### STORED DATA
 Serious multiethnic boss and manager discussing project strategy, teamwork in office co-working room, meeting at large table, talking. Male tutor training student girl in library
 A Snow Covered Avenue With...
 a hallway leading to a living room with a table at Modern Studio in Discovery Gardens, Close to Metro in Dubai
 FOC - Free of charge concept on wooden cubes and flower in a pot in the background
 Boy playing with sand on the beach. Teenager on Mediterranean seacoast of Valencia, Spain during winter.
--
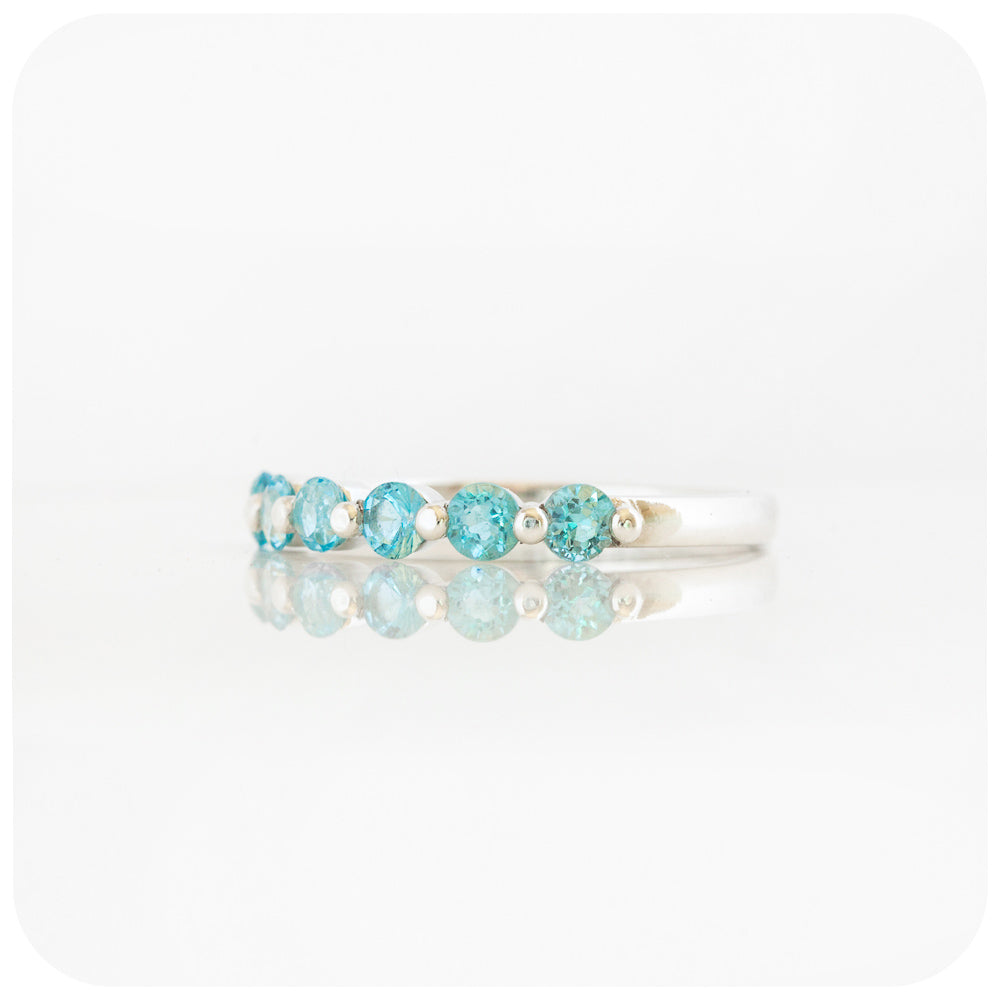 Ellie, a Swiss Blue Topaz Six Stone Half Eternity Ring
...
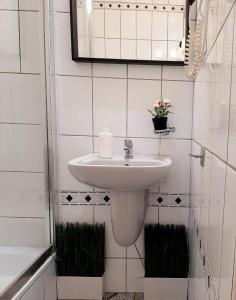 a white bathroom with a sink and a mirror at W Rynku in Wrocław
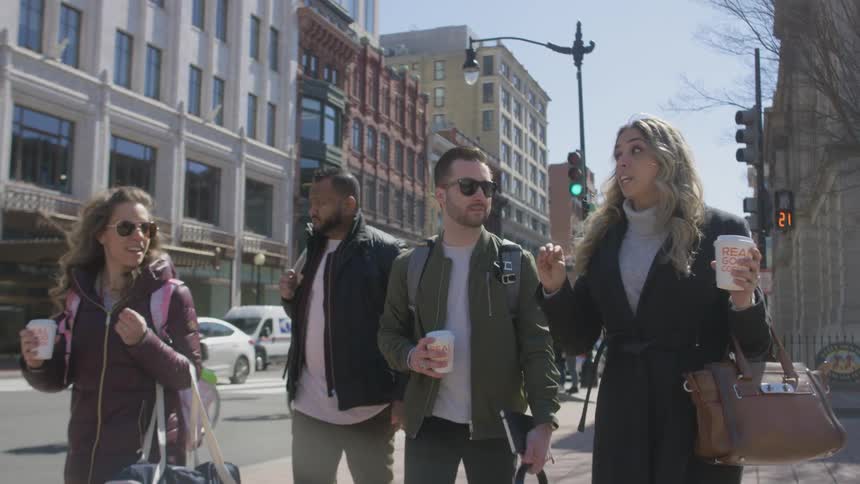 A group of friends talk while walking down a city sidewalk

### WHAT IS REQUIRED
For this exercise, output exactly the lines above from the line with "Serious multiethnic boss" to the line with "FOC - Free of", counting both, and leave out the rest.

### YOUR RESPONSE
 Serious multiethnic boss and manager discussing project strategy, teamwork in office co-working room, meeting at large table, talking. Male tutor training student girl in library
 A Snow Covered Avenue With...
 a hallway leading to a living room with a table at Modern Studio in Discovery Gardens, Close to Metro in Dubai
 FOC - Free of charge concept on wooden cubes and flower in a pot in the background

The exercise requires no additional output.